Collin Dixon

No. 17 – Illinois Fighting Illini
- Position: Wide receiver
- Class: Senior

Personal information
- Born: November 22, 2004 (age 21)
- Listed height: 6 ft 1 in (1.85 m)
- Listed weight: 215 lb (98 kg)

Career information
- High school: Tallmadge (Tallmadge, Ohio)
- College: Illinois (2023–present);
- Stats at ESPN

= Collin Dixon =

American football player (born 2004)

Collin Dixon (born November 22, 2004) is an American college football wide receiver for the Illinois Fighting Illini.

==Early life==
Dixon attended Tallmadge High School in Tallmadge, Ohio.
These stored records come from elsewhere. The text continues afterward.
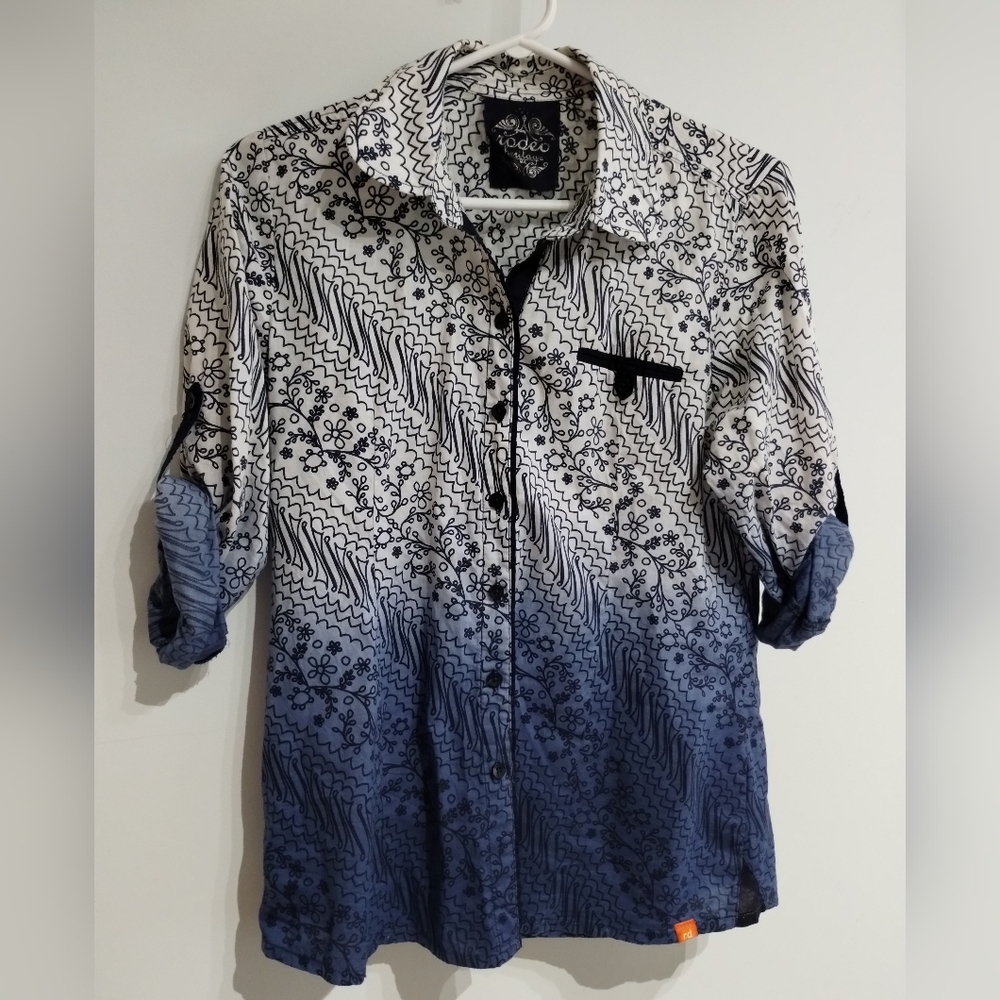 Woman blouse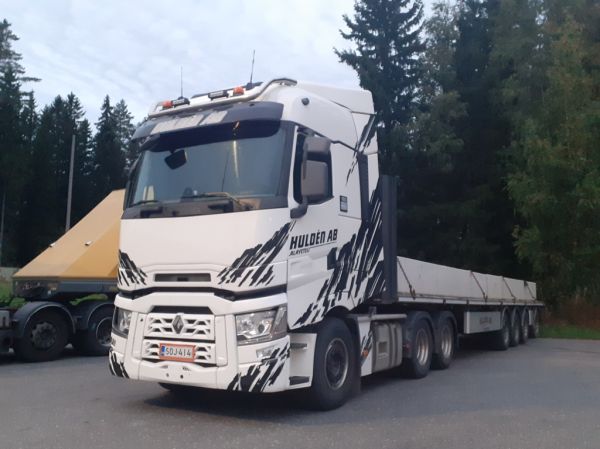 Klikkaa kuvaa nähdäksesi se täysikokoisena
==============
K&D Huldenin Renault
K&D Hulden AB:n Renault puoliperävaunuyhdistelmä.
Avainsanat: Hulden Renault ABC Hirvaskangas K&D Huldenin Renault
K&D Hulden AB:n Renault puoliperävaunuyhdistelmä.
Avainsanat: Hulden Renault ABC Hirvaskangas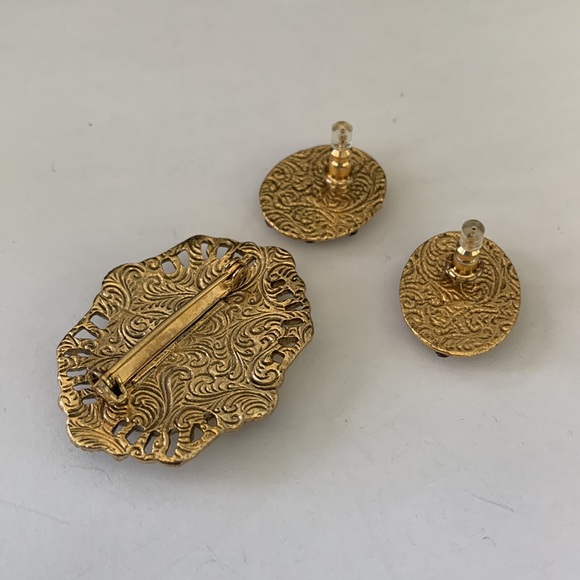 Vintage “1928” Gold & Purple Pin & Earrings Set - Picture 6 of 6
He played football, basketball and ran track. During his high school career, Dixon had 201 receptions for 3,561 yards and 43 touchdowns. He originally committed to the University of Wisconsin–Madison to play college football before flipping his commitment to the University of Illinois Urbana-Champaign.

==College career==
After redshirting his first year at Illinois in 2023, Dixon started 10 of 13 games in 2024 and had 18 receptions for 264 yards. He started all 13 games in 2025, recording 35 receptions for 548 receiving yards and five touchdowns. Dixon entered the 2026 season as Illinois' number one receiver and was named a team captain.